Domoda: Gambian Peanut Stew
I wouldn't be Gambian if I didn't do a post about domoda. Also known as maffe in Senegal, asindessi in Togo and aziin nusunnu in Benin, domoda is The Gambia's national dish. It's a delicious, hearty peanut stew often featuring chicken or beef. As mentioned in my post on churrah gerte, peanuts are omnipresent in Gambian cuisine. Whenever I feel a little homesick for my mother's cooking, domoda is my go-to meal. Everyone has their own vegetable preferences regarding what they like to throw in. I personally love to thrown in some sweet potatoes and carrots (which are delicious when tender), but sometimes I add bell peppers.
1 lb chicken breast, cut into ½ in. chunks
¼ cup peanut oil
2 large onions, diced
3 cloves garlic, minced
2 tablespoons tomato paste
1 cup natural, unsweetened peanut butter
4.5 cups of vegetable stock
3 cups water
Scotch bonnet chilies, diced
1 cup sweet potatoes, chopped (or the tuber of your choice)
2 carrots, sliced thickly
1 bay leaf
Salt to taste
- Heat the oil in a large pot. Add the chicken to the pot and cook until lightly browned. The chicken does not need to be completely cooked through - it will finish cooking as it simmers in the stew.
- Dilute the tomato paste in the water, add to the pot, and bring the mixture to a boil.
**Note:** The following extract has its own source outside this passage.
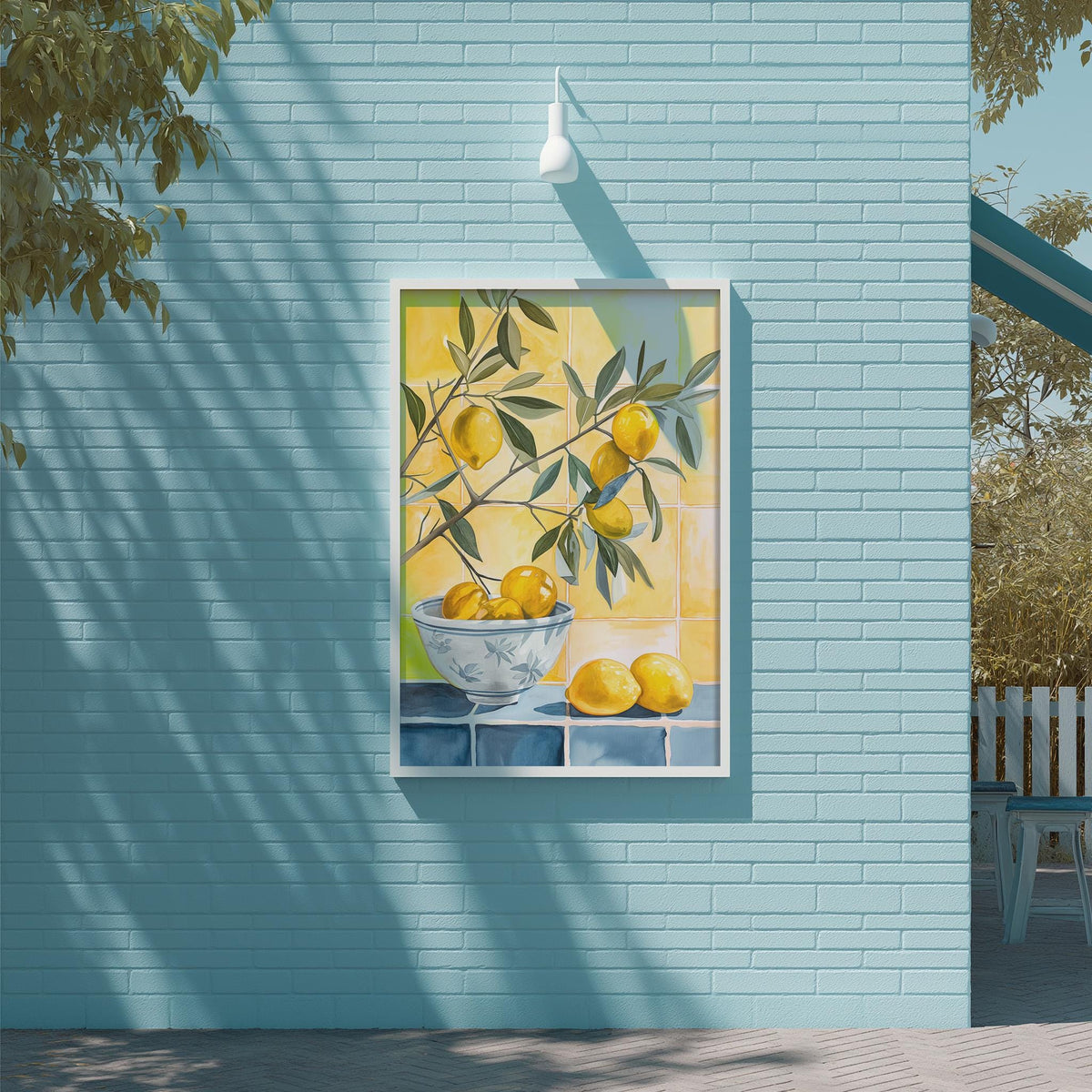 A framed painting of a bowl of lemons is displayed on a blue brick wall, with a tree and a white light fixture above it.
Add the carrots, sweet potatoes, and chillies.
- In a separate pan, sauté the onions and garlic until golden brown. Add the onion and garlic to the pot.
- Add the bay leaf, salt, and the peanut butter. Adjust the thickness of the sauce by adding more peanut butter (to thicken) or adding more water (to make it thinner).
- Reduce cover the pot and allow it to cook for 45 - 50 minutes while stirring occasionally to ensure the peanut butter does not stick to the bottom of the pot.
- Serve hot over rice.*
*I chose to serve this over brown rice because I find that brown rice works better with thick stews. White rice can sometimes become a bit mushy. In Ghana, I've become particularly fond of Primelin Brown Rice.
Domoda is often eaten with chicken or beef, but it can also be adapted to vegetarian palettes. Throw in whatever you'd like -- squash, eggplant, yams, etc.